In a concatenated data plex, LSM creates a contiguous address space on the subdisks and sequentially writes volume data in a linear manner. If LSM reaches the end of a subdisk while writing data, it continues to write data to the next subdisk, which might be on a different physical disk (Figure 1-4). LSM lets you use space on several disks that otherwise might be unusable. One disk's public region can contain subdisks used in several different volumes.

Figure 1-4: Concatenated Data Plex

A single subdisk failure in a volume with one concatenated data plex will result in LSM volume failure. To prevent this type of failure, you can create multiple plexes (mirrors) on different disks. LSM continuously maintains the data in the mirrors. If a plex becomes unavailable because of a disk failure, the volume continues operating using another plex.

Using disks on different SCSI buses for mirror plexes speeds read requests, because data can be simultaneously read from multiple plexes.

1.1.4.2 Striped Data Plex

In a striped data plex, LSM divides a write request into equal-size data units, defined by the stripe width (64K bytes by default) and writes each data unit to a different disk, creating a stripe of data across the columns (usually, the number of disks in the plex). You can define a different stripe width (data unit size) to achieve the best division of data across the columns.

LSM can simultaneously write two or more data units if the disks are on different SCSI buses.

Figure 1-5 shows a three-column striped plex. In this type of plex, an I/O write request is divided into equal-size units (A, B, C, D, and so on) and each data unit is written sequentially to a different subdisk (in a different disk column).

Figure 1-5: Volume with a Three-Column Striped Data Plex

If a write request does not complete a stripe (the number of data units is not evenly divisible by the number of columns), then the first data unit of the next write request starts in the next column.

If a write request is not evenly divisible by the data unit size, so that the last data unit in a write request does not map to the end of a column, the next write request completes the column then continues to subsequent columns.

As in a concatenated data plex, a single disk failure in a volume with one striped data plex will result in volume failure. To prevent this type of failure, you can create multiple data plexes (mirrors) on different disks. LSM continuously maintains the data in the mirrored data plexes.

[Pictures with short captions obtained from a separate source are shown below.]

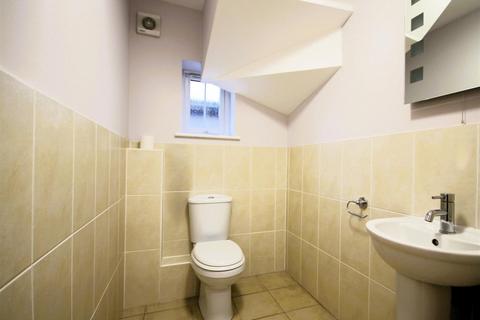 4 bedroom detached house to rent, MERRYLANDS ROAD, BOOKHAM, KT23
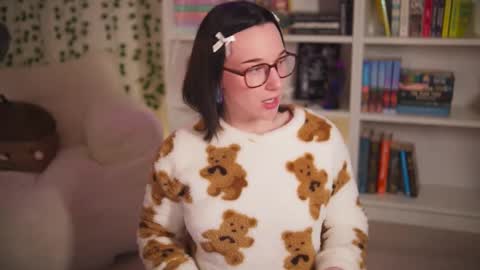 Em -  online show from March 2025 11:56:02 PM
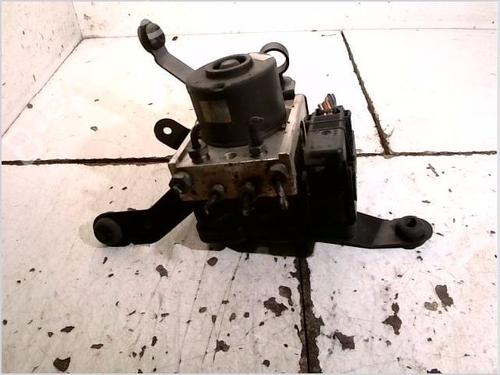 Used ABS pump FORD FIESTA V (JH_, JD_) 1.3 (69 hp) 26102697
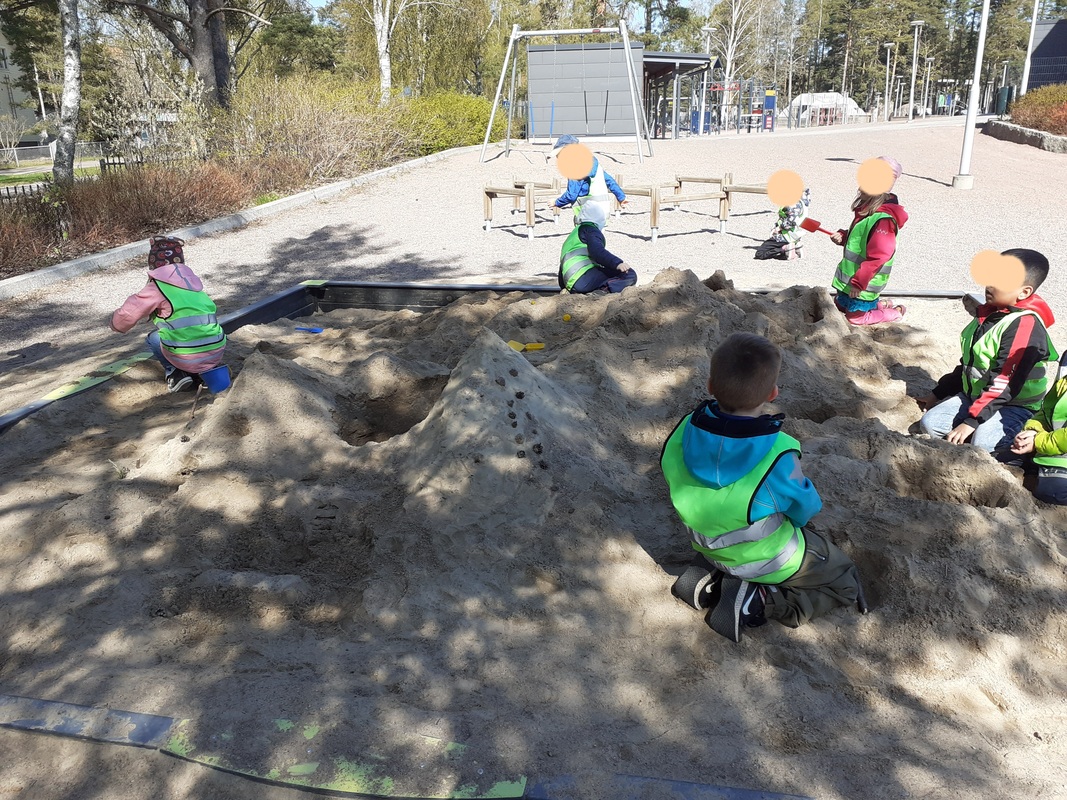 Uutta hiekkaa hiekkalaatikkoon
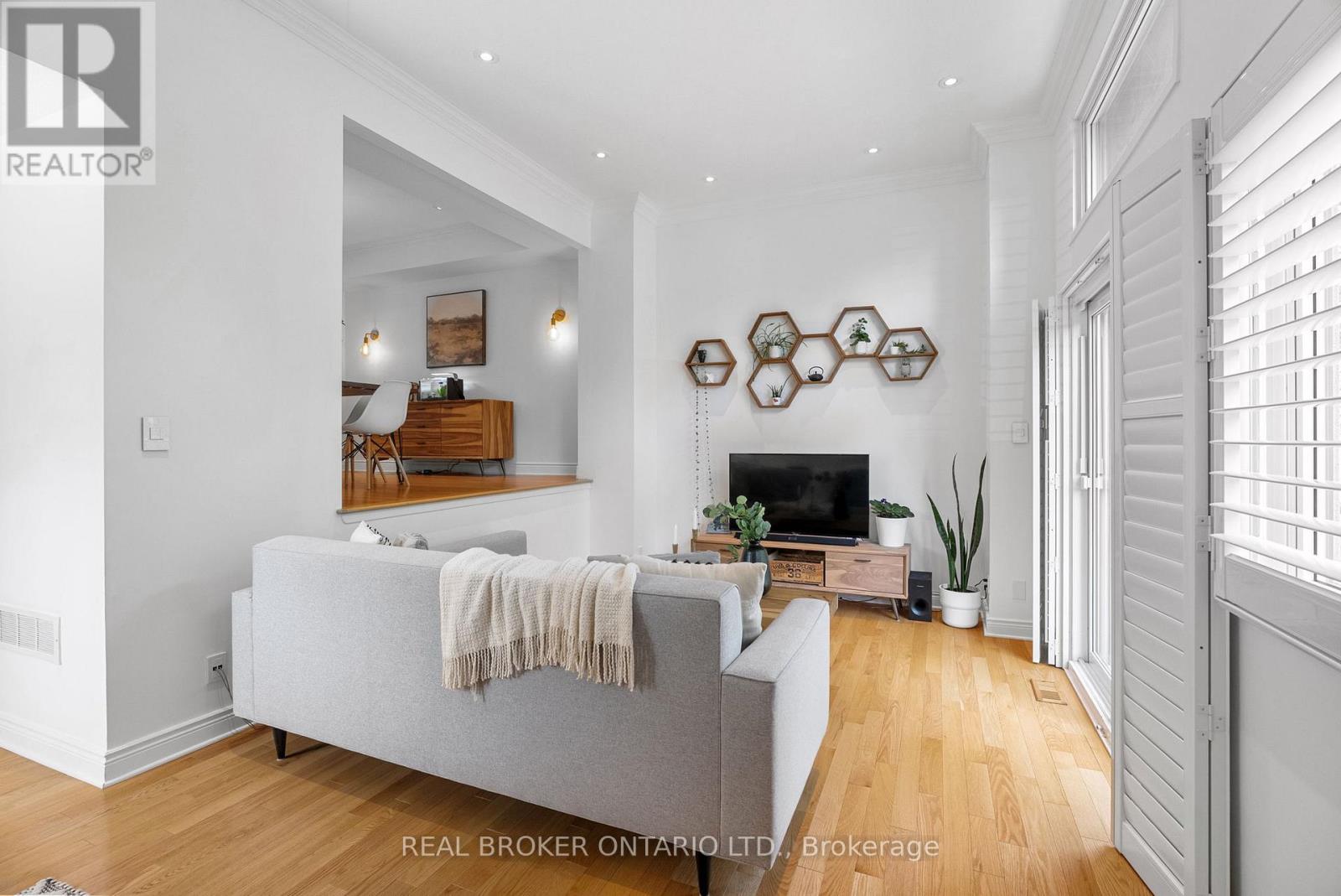 2 - 655 Richmond Road, Ottawa, Ontario  K2A 3Y3 - Photo 6 - X12466965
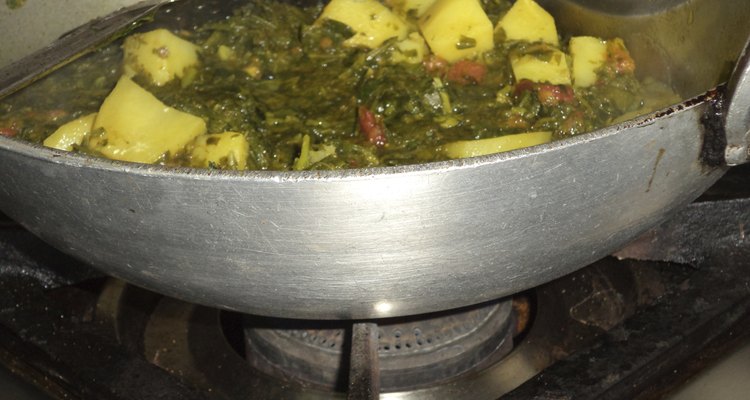 Fenugreek leaves and potatoes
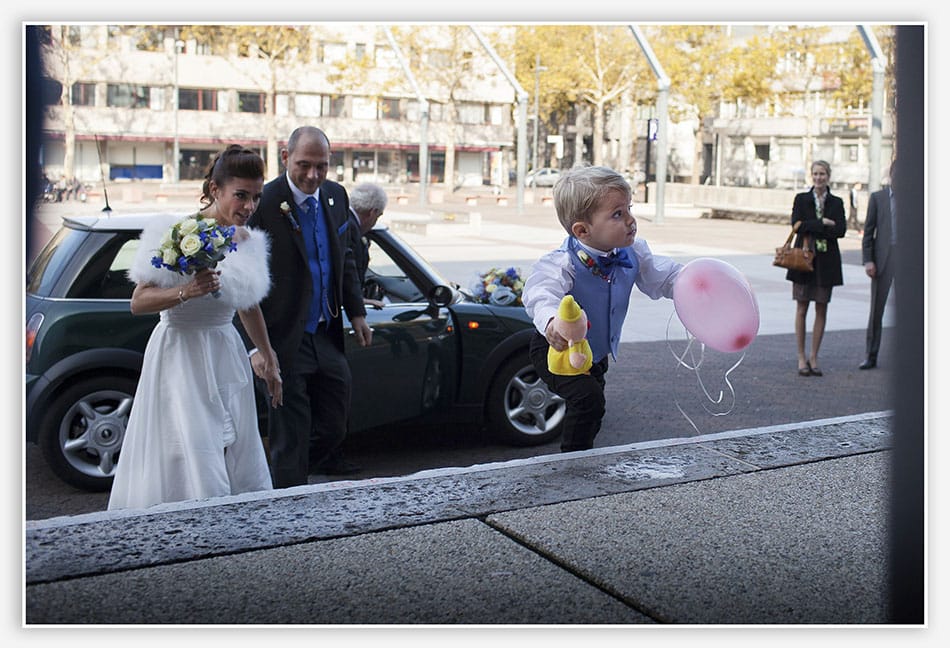Aankomst bruidspaar bij het stadhuis van Eindhoven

If a plex becomes unavailable because of a disk failure, the volume continues operating using another plex.

Using disks on different SCSI buses for mirror plexes speeds read requests, because data can be simultaneously read from multiple plexes.

1.1.4.3 RAID 5 Data Plex

In a RAID 5 data plex, LSM calculates a parity value for each stripe of data, then separates the data and parity into equal-size units defined by the stripe width (16K bytes by default) and writes the data and parity units on three or more columns of subdisks, creating a stripe of data and parity across the columns. The parity is contained in one data unit to ensure that each column of disks contains the entire parity value for any given data stripe.

LSM writes the parity in a different column for each consecutive stripe of data. The parity unit for the first stripe is written to the last column. Each successive parity unit is located in the next column to the left of the previous parity unit location. If there are more stripes than columns, the parity unit placement begins again in the last column.

If a disk in one column fails, LSM continues operating using the data and parity information in the remaining columns to reconstruct the missing data. You can define a different stripe width (data unit size) to achieve the best division of data and parity across the columns.

LSM can simultaneously write the data and parity units if the columns are on different SCSI buses.

Figure 1-6 shows how data and parity information are written in a RAID5 data plex.

Figure 1-6: Volume with a RAID 5 Data Plex

1.1.5 Log Plex

A log plex contains information about activity in a volume. After a system failure, LSM recovers only those areas of the volume identified in the log plex as being dirty (written to) at the time of the failure.

By default, LSM creates a log plex for mirrored volumes (volumes with two or more striped or concatenated data plexes) and for volumes that use a RAID5 data plex. Mirrored volumes use a Dirty Region Log (DRL) plex and an optional Fast Plex Attach (FPA) plex. RAID5 volumes use a RAID5 log plex.

Dirty Region Log (DRL) plex
In a DRL plex, LSM keeps track of the regions of a volume that change due to I/O requests. When the system restarts after a crash, LSM resynchronizes only the regions marked as dirty in the log. This greatly reduces the time needed to resynchronize the volume, especially for volumes of hundreds of megabytes or more.
Regions are marked as dirty before the data is written. When the write completes, the region is not immediately marked as clean but instead allowed to stay dirty for a specific length of time. This reduces the overhead of marking the log if another write occurs to the same region. If a dirty region has had no activity for an extended period of time, it is marked as clean.
If you do not use a DRL plex, LSM copies and resynchronizes all the data to each plex to restore the plex consistency when the system restarts after a failure. Although this process occurs in the background and the volume is still available, it can be a lengthy procedure and can result in unnecessarily recovering data, thereby degrading system performance.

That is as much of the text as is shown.